Work instructions:
Your job is to return every line in the data holding the string "Photo".

Dataset extract:
=======

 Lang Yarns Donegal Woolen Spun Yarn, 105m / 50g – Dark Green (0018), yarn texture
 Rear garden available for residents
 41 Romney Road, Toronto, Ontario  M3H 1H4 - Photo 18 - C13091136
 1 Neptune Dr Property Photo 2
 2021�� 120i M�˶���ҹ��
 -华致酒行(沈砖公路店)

=======

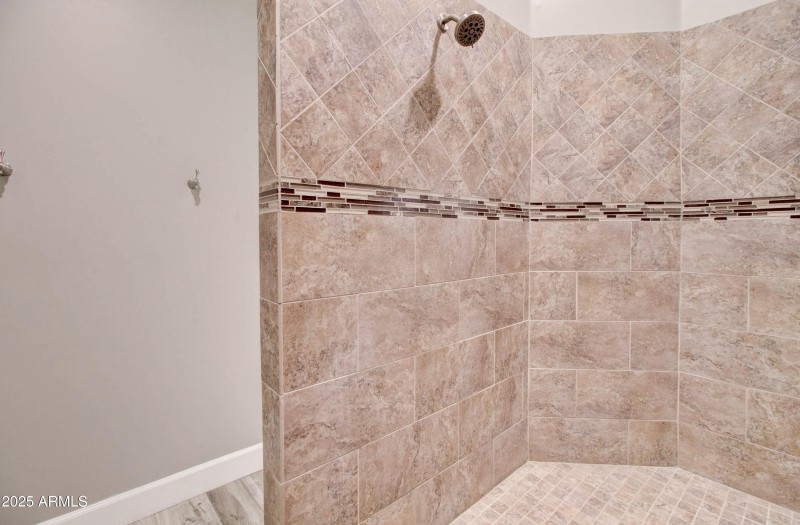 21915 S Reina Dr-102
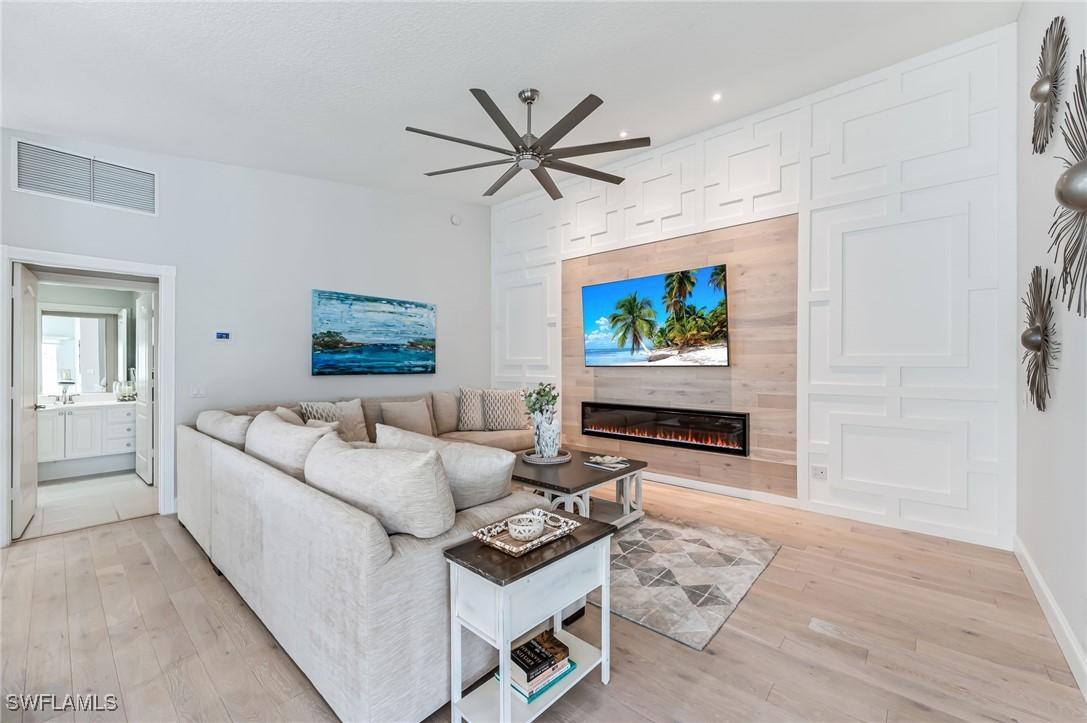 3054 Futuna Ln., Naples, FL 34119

=======

Exercise answer:
 41 Romney Road, Toronto, Ontario  M3H 1H4 - Photo 18 - C13091136
 1 Neptune Dr Property Photo 2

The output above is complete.